В греческом эпосе эта ступень еще не была достигнута, но уже можно заметить некоторые признаки приближения к ней. Боги «Илиады» прежде всего озабочены защитой своего достоинства, тиме. Легкомысленная речь о боге, пренебрежение его культом, оскорбление его жреца — все это, разумеется, вызывает в нем гнев; в культуре стыда боги, как и люди, легко раздражаются из-за неуважения к себе. Лжесвидетельство проходит под той же рубрикой: боги не имеют ничего против откровенной лжи, но выходят из себя, когда их именами клянутся всуе. Однако то здесь, то там мы встречаем намеки на нечто большее. Оскорбление родителей, например, является столь тяжким преступлением, что требует особого разбирательства: подобные случаи вынуждены рассматривать подземные силы.15 Один раз говорится, что Зевс разгневался на людей, которые вершат неправедный суд.16 Но это я считаю отражением более поздних времен; в поэме данный эпизод, как бы по недосмотру, столь обычному у Гомера, плавно переходит в сравнение.17 Ибо трудно найти в «Илиаде» свидетельства того, что Зевс озабочен справедливостью как таковой.18
В «Одиссее» же его интересы значительно шире: он не только защищает просителей 19 (которые в «Илиаде» лишены подобной привилегии), но и «нам Зевес посылает // Нищих и странников»;20 по существу, подразумевается гесиодовский мститель за бедных и обездоленных. Более того, Зевс «Одиссеи» становится чутким к критике: люди, недовольно говорит он, всегда находят ошибки у богов. «Странно, как смертные люди за все нас, богов, обвиняют! // Зло от нас, утверждают они; но не сами ли часто // Гибель, судьбе вопреки, на себя навлекают безумством?»21 Помещенная в самом начале поэмы, эта ремарка звучит, как говорят немцы, «программно». И программа действительно осуществляется. Неблагие деяния женихов влекут за собой гибель,22 тогда как Одиссей, чуткий к предостережениям божеств, празднует победу против превосходящих сил: существование божественной справедливости доказано.

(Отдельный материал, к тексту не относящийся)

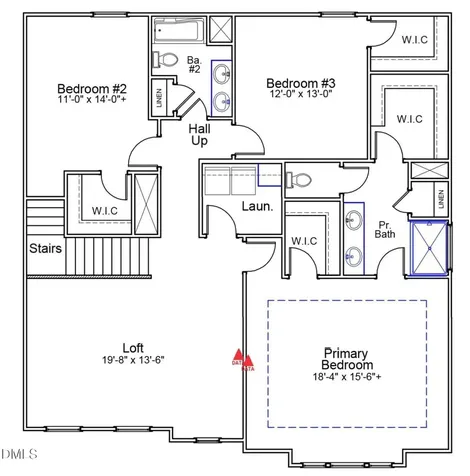 41 Plantation Drive Youngsville NC 27596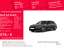 Audi A4 40 TFSI Avant Quattro S-Line S-Tronic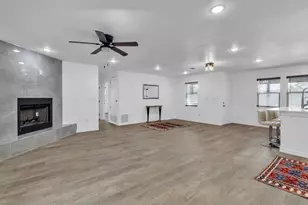 583 Hillcrest Cir, Gordonville, TX 76245 - Photo 2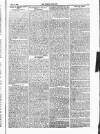 Weekly Dispatch (London) Sunday 07 August 1870 Page 23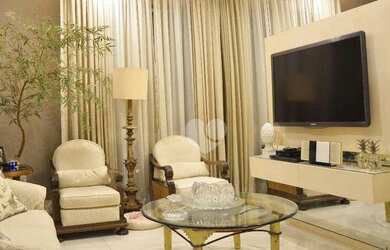 Imagem 5: Apartamento à venda, 125 m² por R$ 1.100.000,00 - Flamengo - Rio de...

Более поздние этапы повышения нравственного статуса Зевса могут быть найдены у Гесиода, Солона, Эсхила; но здесь я не имею возможности исследовать этот процесс в деталях. Необходимо, впрочем, упомянуть одну сложность, имевшую далеко идущие исторические последствия. Греки трезво смотрели на жизнь и не скрывали от самих себя очевидность того, что повсюду, словно зеленый лавр, стала расцветать безнравственность. Гесиод, Солон, Пиндар глубоко обеспокоены этим, а Феогнид находит нужным дать Зевсу откровенно высказаться по данному вопросу.23 Достаточно легко было доказать божественную справедливость в художественном произведении, подобном
«Одиссее»: как заметил Аристотель, «поэты часто следуют за зрителями и поступают им в угоду».24 Однако в реальной жизни было иначе. В век архаики мельница бога молола столь медленно, что ее движение было почти незаметно для верующего взора. Чтобы поддержать веру, которую они двигали, было необходимо освободиться от естественной установки на ограниченность жизни распадом и смертью. Если же выходить за этот предел, можно сказать одно (а то и оба) из двух: либо преуспевающий грешник будет наказан в своих потомках, либо он заплатит свой долг лично в следующей жизни.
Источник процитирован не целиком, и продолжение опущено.